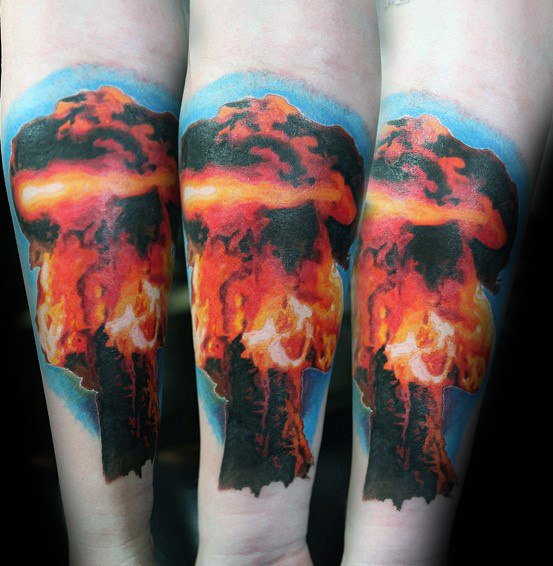 30 Pilz Cloud Tattoo Designs für Männer - Atomic Ink Ideen  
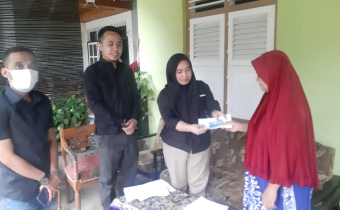 TIM PBDP BAWASLU BOALEMO KEMBALIKAN BARANG DUGAAN PELANGGARAN PADA PEMILIK
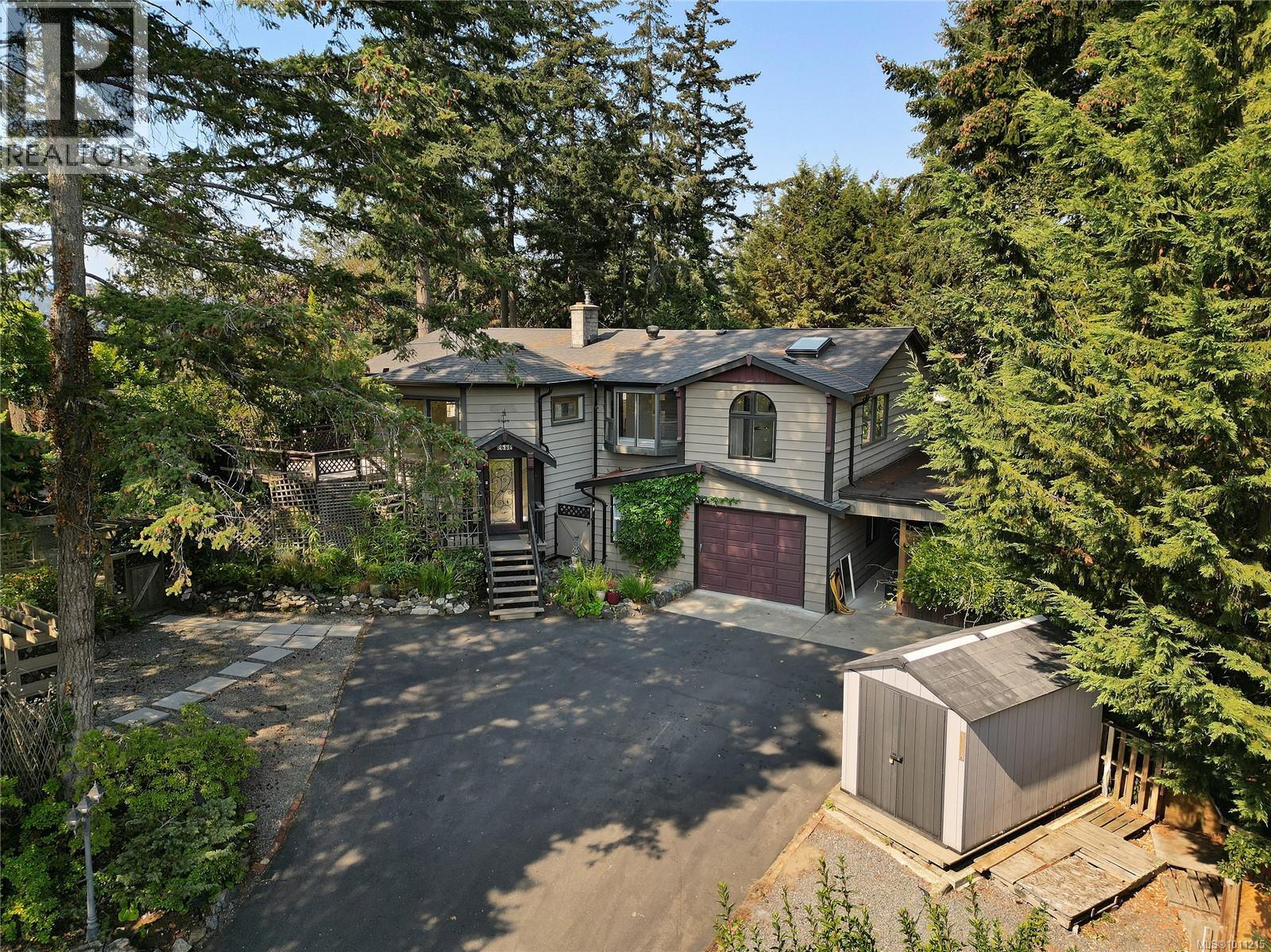 Photo 79 of 2582 Rainville Rd, Langford BC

◆ The task: Transcribe the listing in full. Leave the pictures out.

◆ Answer to this task:
 30 Pilz Cloud Tattoo Designs für Männer - Atomic Ink Ideen  
 TIM PBDP BAWASLU BOALEMO KEMBALIKAN BARANG DUGAAN PELANGGARAN PADA PEMILIK
 Photo 79 of 2582 Rainville Rd, Langford BC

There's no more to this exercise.